報恩講:親鸞聖人のご遺徳を偲ぶ法要

            浄土真宗本願寺派では毎年一月に宗祖親鸞聖人(1173〜1263)のご遺徳を偲ぶ「報恩講」という法要をお勤めします。報恩講は、親鸞聖人の曽孫の覚如上人によって親鸞聖人の三十三回忌の時に初めて行われ、それ以来続けられている特別な法要です。毎年、浄土真宗本願寺派の本山である京都の西本願寺で行われる御正忌報恩講では一月九日から十六日まで連日お勤めが行われ、中でも十五日の夜には日本各地から布教使が本山を訪れ、「通夜布教」という夜通しの法話会が行われます。
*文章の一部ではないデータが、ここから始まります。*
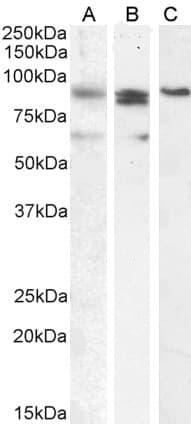 IHC-plus™ Polyclonal Goat anti-Human BLIMP1 / PRDM1 Antibody (aa698-711, IHC, IF, WB)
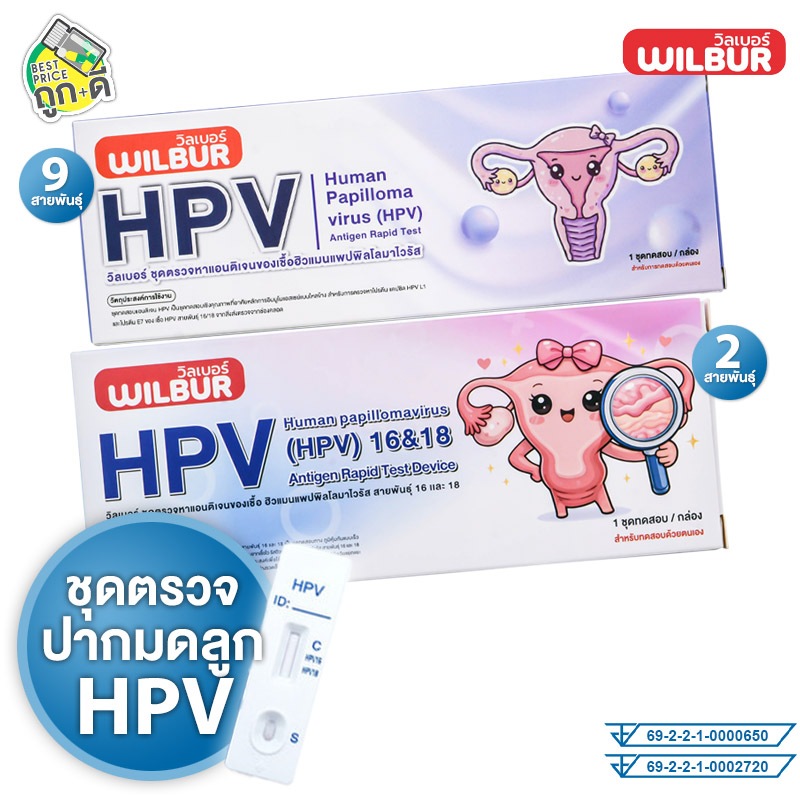 Wilbur HPV Human Papillomavirus Test Device วิลเบอร์ ชุดตรวจ เอชพีวี [สินค้ามีให้เลือก 2 แบบ][1 ชุด] ตรวจมดลูก คัดกรองคา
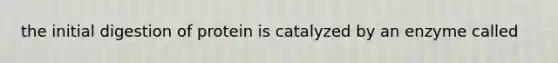 the initial digestion of protein is catalyzed by an enzyme called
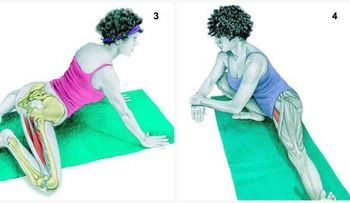 34 imágenes que muestran estiramientos musculares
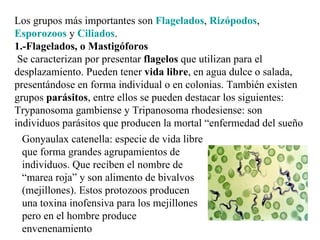 Los grupos más importantes son Flagelados, Rizópodos,
Esporozoos y Ciliados.
1.-Flagelados, o Mastigóforos
 Se caracterizan por presentar flagelos que utilizan para el
desplazamiento. Pueden tener vida libre, en agua dulce o salada,
presentándose en forma individual o en colonias. También existen
grupos parásitos, entre ellos se pueden destacar los siguientes:
Trypanosoma gambiense y Tripanosoma rhodesiense: son
individuos parásitos que producen la mortal “enfermedad del sueño
  Gonyaulax catenella: especie de vida libre
  que forma grandes agrupamientos de
  individuos. Que reciben el nombre de
  “marea roja” y son alimento de bivalvos
  (mejillones). Estos protozoos producen
  una toxina inofensiva para los mejillones
  pero en el hombre produce
  envenenamiento
 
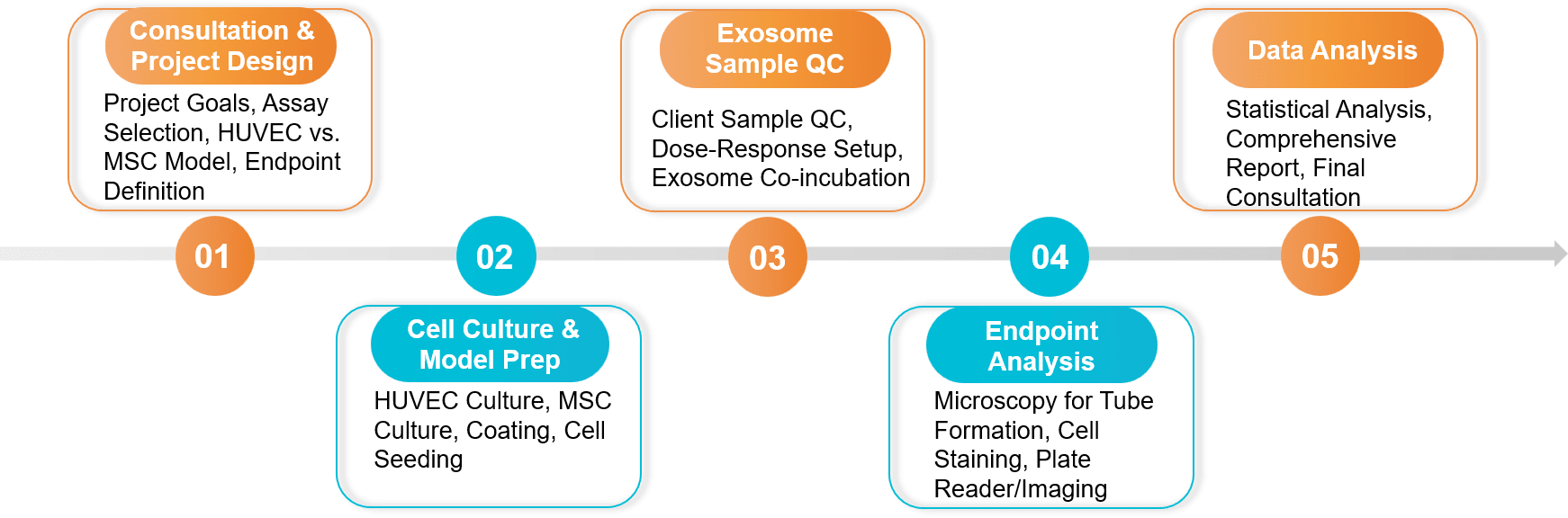 Five-step angiogenesis and stem cell functional assay workflow.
今年のサンマテオ仏教会の報恩講は、一月二十二日にお勤めします。この報恩講は浄土真宗のお寺にとって、一年の中で最も大事な法要です。

            もし私が御門徒の皆さんに「一年の中で最も大事な法要は何ですか?」と尋ねたら、皆さんは釈迦牟尼仏の誕生を祝う花祭かまたは亡き家族を偲ぶ盂蘭盆会(お盆)と答える方が少なくないでしょう。では、なぜ報恩講が最も大切にされているのでしょうか?

            浄土真宗の教えは釈迦牟尼仏が説かれた真実の教えです。釈迦牟尼仏は三十五歳の時に菩提樹の下で座禅をしながら悟りを開かれました。釈迦牟尼仏はそれから八十歳で入滅されるまでの間、多くの教えを説かれました。そして、その四十五年間の間に全ての人々を救うための八万四千の法門を説かれたと言われています。「大蔵経」という釈迦牟尼仏の教えが記録されている経典の漢訳コレクションは一つの本棚が一杯になるほどのボリュームです。

            私のような凡夫には、その大蔵経を全部読んで理解するのは非常に難しいことです。二十年間比叡山で勉学を深めた親鸞聖人でさえ、自分の勉強と修行によっては悟りを開くことができないと気づいています。

            そこで、親鸞聖人は比叡山から降りて、法然聖人の下でお念仏の教えに帰依しました。法然聖人は「南無阿弥陀仏」の六字のなかに仏様の全ての智慧と慈悲が収め取られてあるという教えを親鸞聖人に伝えました。そして、親鸞聖人はその教えに帰依し、「正信念仏偈」に次のように南無阿弥陀仏の意味を述べられています。 「限りない命の如来に帰命し、 思いはかることのできない光の如来に帰依したてまつる。」あらゆる人々はまことの心で阿弥陀仏を信じ喜び、 阿弥陀仏の浄土に生れると思って、 たとえば十声念仏しましたら、 必ず阿弥陀仏のお浄土に往生できる。お浄土に往生するということは全ての悩みと苦しみから解放されて悟りを得るということです。親鸞聖人は、法然聖人から説かれたこの教えを多くの人々に伝えました。

阿弥陀仏に帰依することによって自分が救われることに気づき、その救いに対しての喜びと感謝の気持ちが満ち溢れ、自然と「南無阿弥陀仏」を申すようになるのが浄土真宗のお念仏です。親鸞聖人は誰もがこの阿弥陀仏の救いをいただくことが出来ると明らかにしています。

            釈迦牟尼仏の説法がなければ、私が救われるお念仏の教えはこの世に存在していません。また、親鸞聖人からいただくお導きがなければ、私はこのお念仏の教えに出会えていませんでした。このように、報恩講は親鸞聖人への御恩とお念仏の救いに対する喜びを深めるご縁となる法要ですので、浄土真宗では一年の中で最も大切な法要なのです。